Bill keeps APOC alive, boosts contribution limits

Posted: Wednesday, April 16, 2003

JUNEAU (AP) Gov. Frank Murkowski's administration has dropped a plan to do away with the Alaska Public Offices Commission. Instead, it's backing a bill that would double the amount of money people can give candidates and have APOC hold quicker hearings on election complaints.

The bill also would loosen the requirements for when people must register as lobbyists and would let lobbyists donate to campaigns outside their election districts.

It would do away with the requirement that candidates for municipal elections report contributions to APOC.

And, Senate Bill 119 would let the commission require candidates to submit reports electronically.

APOC Executive Director Brooke Miles said the bipartisan commission drafted the bill in concert with the administration.

The commission enthusiastically endorses this legislation,'' Miles told the Senate State Affairs Committee on Tuesday.

The Murkowski administration had earlier proposed saving $500,000 by eliminating the commission and having its work transferred to the Division of Elections and the Department of Law.

Steve Cleary of the Alaska Public Interest Research Group said he's glad the commission is not being eliminated, and is pleased with parts of the bill. But he's disturbed by the increase in contribution limits and by the move to let lobbyists give to campaigns outside their districts.

We're just scared that's going to allow lobbyists to lobby with one hand and donate with the other,'' Cleary said.

Those changes repeal elements of a 1996 campaign finance reform law adopted by the Legislature to replace a voter initiative on campaign funding that would have gone on the statewide ballot had the Legislature not acted.

Miles said the lobbyists would still not be allowed to host fund-raisers for candidates or serve as their campaign treasurers.

Department of Administration Commissioner Kevin Jardell said the increase in contribution limits is partly a reflection of inflation.

It's also an attempt to set more realistic contribution limits in hopes of discouraging people from putting their money into soft-money advertisements that cannot be regulated, he said.

The last campaign, we saw more money being expended with less disclosure,'' Jardell said. A lot of it was pushed outside.''

The bill would:

- Raise from $500 to $1,000 a year the amount an individual can give a candidate or political action committee;

- Raise from $5,000 to $10,000 a year the amount an individual can give a political party to influence elections.

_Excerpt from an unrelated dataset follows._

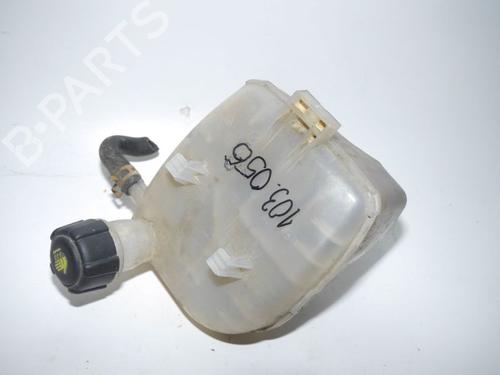 Ekspansjonstank RENAULT TWINGO II (CN0_) 1.2 16V (CN04, CN0B) (75 hp) 33141151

- Raise from $1,000 to $5,000 a year the amount a political action committee can contribute to a candidate.

- Raise from $1,000 to $10,000 a year the amount a political action committee can contribute to a political party.

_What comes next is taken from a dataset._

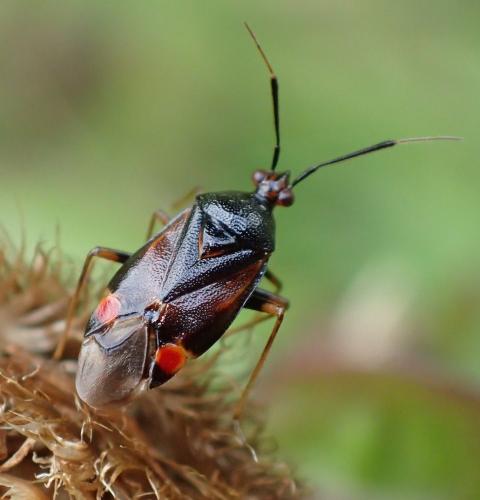 Deraeocoris ruber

- Raise from $500 to $1,000 a year the amount a nonprofit group, such as Alaska Conservation Voters, can contribute to a candidate, political action committee or political party.

The bill would also allow APOC to expedite hearings on election complaints if the alleged violations could materially affect the outcome of an election and cause irreparable harm. APOC would have the power to issue cease and desist orders in such cases.

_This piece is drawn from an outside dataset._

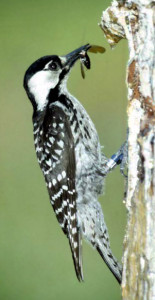 The endangered red-cockaded woodpecker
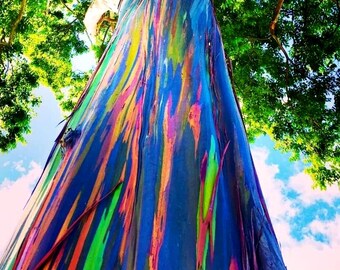 Rainbow Eucalyptus Tree Seeds (Eucalyptus deglupta) 100+Seeds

The measure also sets deadlines for APOC to respond to complaints that don't receive expedited treatment.

Those provisions are intended to address Murkowski's contention that APOC should be eliminated because the commission acts so slowly that elections have been decided by the time it issues decisions on complaints.

Miles said the commission should be able to make those changes without an increase in its budget because it will save staff time once candidates are required to submit reports electronically.

The administration has requested $450,000 in the coming year's budget to upgrade APOC's computer system so it can require electronic reports.

Miles guessed the commission might also save $5,000 or more a year by no longer handling municipal election reporting requirements.

The bill also changes the definition of a lobbyist. Currently, a person who is paid to spend more than four hours in a 30-day period trying to influence the Legislature or administration must register as a lobbyist. Under the bill, such people would not have to register unless they spent more than 16 hours in a month lobbying.

The bill also loosens financial disclosure requirements for legislators. Now they must disclose most sources of income over $1,000 and gifts over $250. The bill would raise the level at which they must make a disclosure to $10,000 for most sources of income and $500 for gifts.

The bill passed the State Affairs Committee on Tuesday and now goes to the Senate Finance Committee.